Retrouver lundi le vacarme du monde ?

A l’heure où un déconfinement progressif se prépare pour beaucoup d’entre nous, que faire de cette page qui se tourne ? Que retirer de cette expérience singulière ? Une piste pourrait être de se constituer, un petit vademecum parmi les questions qui suivent (ou d’autres qui vous sont propres), un faisceau de réflexions à garder avec soi, pour y puiser à l’avenir, les jours d’incertitude ou de chaos, ou dans les moments de joie. Comme pour garder l’empreinte féconde d’une période inédite.

Des questions pour soi

D’abord, peut-être, se demander simplement :

–         Qu’ai-je appris sur moi pendant cette période ?

Pour certains, ce sera « Que m’a dit cette parenthèse de ma capacité à être seul ? A traverser une forme de vide ? »

Ou pour d’autres, « Que m’a-t-elle appris sur ma capacité à vivre ensemble dans une promiscuité plus intense ? »

–         Qu’ai-je compris de mon besoin de lien aux autres ? De mes limites ?

–         Qu’ai-je entrevu de ma capacité à envoyer des signes de reconnaissance, à signifier à l’autre qu’il existe pour moi, sous des formes nouvelles ?

–         Et moi, comment ai-je accueilli ses marques de présence, même lointaines, dans leur nature, leur quantité ?

–         Dans mes sphères de vie (professionnelle, personnelle, sociale, amicale…), qu’est-ce qui m’a rassasié ? Manqué ?

–         Quels nouveaux liens se sont tissés, à cultiver, faire grandir ?

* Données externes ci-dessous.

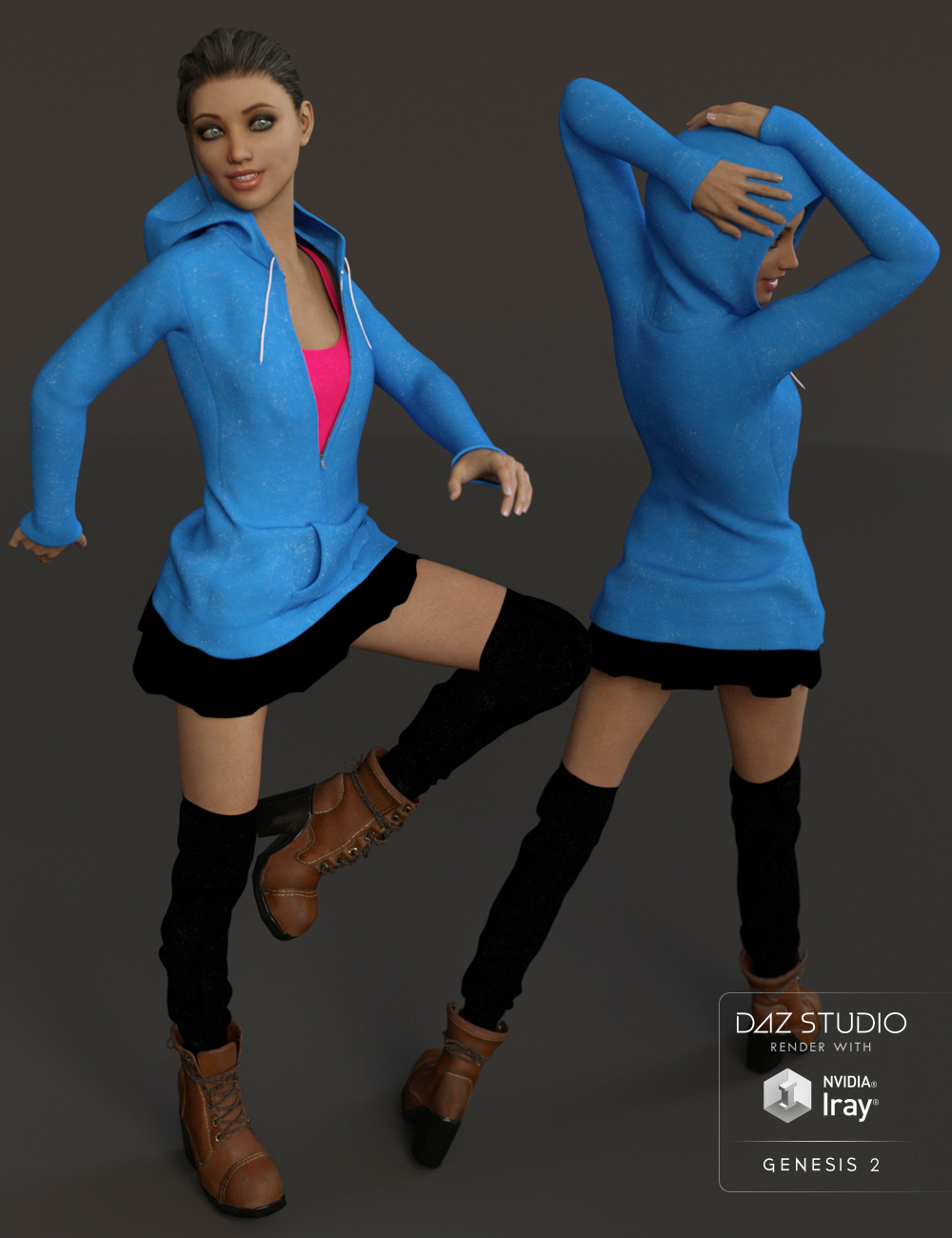 Rebellious Outfit for Genesis 3 Female(s) by: JoeQuick, 3D Models by Daz 3D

–         Chez mes collègues, mon équipe à distance, ai-je découvert avec joie des ressources jusque-là invisibles à mes yeux ? En quoi cela peut-il éclairer notre relation professionnelle ? Comment puis-je le leur partager ?

–         En quoi me suis-je étonné ? Est-ce qu’une activité nouvelle, ou un engagement, m’ont fait découvrir un talent insoupçonné, que je souhaite approfondir ?

–         Ai-je co-construit un projet avec d’autres et que cela m’a-t-il appris ?

–         Si j’ai davantage écouté mon corps, mes ressentis, fait évoluer mon hygiène de vie, qu’est-ce que je veux en garder ?

–         Me suis-je senti acteur, ou au contraire impuissant ? Si cela a généré des émotions changeantes, comment les ai-je accueillies ? Ai-je été bienveillant envers-moi-même, ou mon plus grand censeur ?

–         Certaines de mes valeurs ont-elles été fragilisées ? Si oui, que disent-elles de mes priorités aujourd’hui ?

Se projeter dans l’avenir

Et dans un second temps, s’autoriser ces questions, en toute liberté, sans se construire d’injonctions irréalistes :

–         Quel est mon paysage intérieur à ce moment précis ?

–         Qu’est-ce que je redoute dans ce passage au déconfinement, et pourquoi ?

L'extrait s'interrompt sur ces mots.